原作小説よりマンガ版の方が売れる時代へ
エブリスタのことに話を戻すが、同サービス発でこの年に刊行されたヒット作といえば、なんと言っても『奴隷区』だ。
岡田伸一『僕と23人の奴隷』が3月に双葉社から刊行され、コミカライズや文庫版は『奴隷区 僕と23人の奴隷』と改題、アニメ化・実写映画化に至った大ヒット作品である。
『奴隷区』や『王様ゲーム』のマンガ版は、書籍化された小説以上の部数を叩き出した。筆者がこの話を双葉社から聞いたのは2013年のことだった(*3)。

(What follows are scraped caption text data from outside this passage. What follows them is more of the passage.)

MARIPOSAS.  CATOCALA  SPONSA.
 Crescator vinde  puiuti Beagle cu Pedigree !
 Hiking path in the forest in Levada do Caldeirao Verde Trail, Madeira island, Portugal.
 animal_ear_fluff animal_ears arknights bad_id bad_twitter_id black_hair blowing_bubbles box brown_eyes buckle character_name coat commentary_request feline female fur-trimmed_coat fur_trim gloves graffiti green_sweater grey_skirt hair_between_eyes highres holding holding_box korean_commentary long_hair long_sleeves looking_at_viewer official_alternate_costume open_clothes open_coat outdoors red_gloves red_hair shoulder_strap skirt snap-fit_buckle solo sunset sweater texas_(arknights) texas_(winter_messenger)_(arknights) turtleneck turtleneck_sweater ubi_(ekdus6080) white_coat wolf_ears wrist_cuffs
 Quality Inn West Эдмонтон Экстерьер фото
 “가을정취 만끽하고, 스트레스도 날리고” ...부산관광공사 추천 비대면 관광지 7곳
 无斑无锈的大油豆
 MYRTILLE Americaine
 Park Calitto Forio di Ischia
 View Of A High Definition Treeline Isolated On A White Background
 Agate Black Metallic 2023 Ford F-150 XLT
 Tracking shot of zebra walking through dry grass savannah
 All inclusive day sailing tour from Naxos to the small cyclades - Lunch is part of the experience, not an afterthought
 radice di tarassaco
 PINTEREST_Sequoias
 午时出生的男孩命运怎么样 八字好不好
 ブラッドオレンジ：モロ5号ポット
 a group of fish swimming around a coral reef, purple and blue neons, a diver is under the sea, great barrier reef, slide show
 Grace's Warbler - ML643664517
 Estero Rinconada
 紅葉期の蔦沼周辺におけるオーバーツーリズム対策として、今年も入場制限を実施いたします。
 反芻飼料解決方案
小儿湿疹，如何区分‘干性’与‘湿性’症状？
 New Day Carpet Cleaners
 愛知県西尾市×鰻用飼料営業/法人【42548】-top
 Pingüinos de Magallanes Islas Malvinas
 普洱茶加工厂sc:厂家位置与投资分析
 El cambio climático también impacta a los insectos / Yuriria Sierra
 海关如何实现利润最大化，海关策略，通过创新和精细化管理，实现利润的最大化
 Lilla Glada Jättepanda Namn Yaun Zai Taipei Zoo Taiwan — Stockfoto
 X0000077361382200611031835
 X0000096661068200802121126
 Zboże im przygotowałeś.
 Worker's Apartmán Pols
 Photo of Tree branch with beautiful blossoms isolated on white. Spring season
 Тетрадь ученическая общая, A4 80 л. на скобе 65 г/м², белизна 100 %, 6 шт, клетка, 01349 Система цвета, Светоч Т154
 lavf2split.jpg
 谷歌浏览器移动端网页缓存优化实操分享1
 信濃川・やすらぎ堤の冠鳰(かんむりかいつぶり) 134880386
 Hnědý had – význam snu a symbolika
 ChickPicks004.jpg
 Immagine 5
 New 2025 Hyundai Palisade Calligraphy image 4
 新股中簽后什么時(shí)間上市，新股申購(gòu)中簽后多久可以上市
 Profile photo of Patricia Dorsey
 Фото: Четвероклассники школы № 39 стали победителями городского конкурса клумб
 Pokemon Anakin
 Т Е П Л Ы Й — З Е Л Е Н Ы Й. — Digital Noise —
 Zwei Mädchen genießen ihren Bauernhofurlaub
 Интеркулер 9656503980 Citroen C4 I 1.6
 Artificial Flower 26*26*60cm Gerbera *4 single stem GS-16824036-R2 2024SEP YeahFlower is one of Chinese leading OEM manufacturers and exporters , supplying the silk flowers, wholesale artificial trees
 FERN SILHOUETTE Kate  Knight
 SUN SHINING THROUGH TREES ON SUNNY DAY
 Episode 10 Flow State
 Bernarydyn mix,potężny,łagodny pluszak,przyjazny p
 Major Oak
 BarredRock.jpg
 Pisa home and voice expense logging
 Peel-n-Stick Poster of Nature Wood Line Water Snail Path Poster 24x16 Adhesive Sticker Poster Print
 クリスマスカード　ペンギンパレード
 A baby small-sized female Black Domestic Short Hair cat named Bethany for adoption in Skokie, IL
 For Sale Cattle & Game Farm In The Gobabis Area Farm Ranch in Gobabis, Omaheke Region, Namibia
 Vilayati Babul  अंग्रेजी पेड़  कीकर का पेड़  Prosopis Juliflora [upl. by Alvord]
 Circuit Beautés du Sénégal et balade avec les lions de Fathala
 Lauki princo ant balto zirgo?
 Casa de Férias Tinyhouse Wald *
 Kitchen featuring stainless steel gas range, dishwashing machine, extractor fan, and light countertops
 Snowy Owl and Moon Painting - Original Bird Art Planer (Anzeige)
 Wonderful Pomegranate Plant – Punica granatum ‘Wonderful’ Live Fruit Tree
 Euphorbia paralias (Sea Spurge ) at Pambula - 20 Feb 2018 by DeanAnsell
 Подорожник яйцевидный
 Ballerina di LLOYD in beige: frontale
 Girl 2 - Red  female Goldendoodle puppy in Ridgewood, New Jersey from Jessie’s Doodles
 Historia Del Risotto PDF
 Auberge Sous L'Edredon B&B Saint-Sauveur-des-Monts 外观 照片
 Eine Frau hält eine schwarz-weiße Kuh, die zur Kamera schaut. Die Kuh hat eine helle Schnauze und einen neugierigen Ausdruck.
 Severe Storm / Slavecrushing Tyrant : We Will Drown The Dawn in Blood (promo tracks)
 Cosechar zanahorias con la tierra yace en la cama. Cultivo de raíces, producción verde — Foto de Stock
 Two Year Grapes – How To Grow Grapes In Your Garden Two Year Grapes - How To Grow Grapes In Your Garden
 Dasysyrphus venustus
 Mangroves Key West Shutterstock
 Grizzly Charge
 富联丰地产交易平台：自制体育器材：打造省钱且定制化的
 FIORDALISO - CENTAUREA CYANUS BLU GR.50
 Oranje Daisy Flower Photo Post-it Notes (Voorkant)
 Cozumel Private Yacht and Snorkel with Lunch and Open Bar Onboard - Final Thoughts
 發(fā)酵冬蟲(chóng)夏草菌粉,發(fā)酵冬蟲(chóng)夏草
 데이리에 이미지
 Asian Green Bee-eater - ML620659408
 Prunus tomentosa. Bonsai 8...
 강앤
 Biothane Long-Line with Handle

*3 拙稿「双葉社 出版基準は「わかりやすく、エグいもの」」、「新文化オンライン」、新文化通信(https://www.shinbunka.co.jp/rensai/netnovel/netnovel03.htm)
そもそも小説のマンガ化自体がライトノベル発を除けば少なかったが、原作小説よりマンガ版の方が売れることは、ウェブ小説書籍化以前にはほとんどなかった。それが『王様ゲーム』『奴隷区』などに続き、2010年代中盤以降にはなろう系の異世界ものが書籍化した単行本よりコミカライズの方が部数が多いことは珍しくなくなっていく。
つまり2010年代前半に「ウェブで読者に支持される作品(企画)は、マンガでも売れるタイトルになりやすい」という性質が発見されたのだ。マンガもウェブ小説同様に「売れたもん勝ち」「人気作品こそがおもしろい」という価値観が、一般文芸と比べると読者にも作家にも比較的浸透しているという共通点がある。
もっともラノベもそうであるはずなのに、文庫ラノベのマンガ版がなぜ2000年代までは原作より売れなかったのかの理由は判然としない。コミカライズのクオリティが上がった、2010年代に起こったマンガアプリや電子書籍台頭以前/以後ではコミックス流通や認知のされ方が違う、といったあたりが理由だろうか。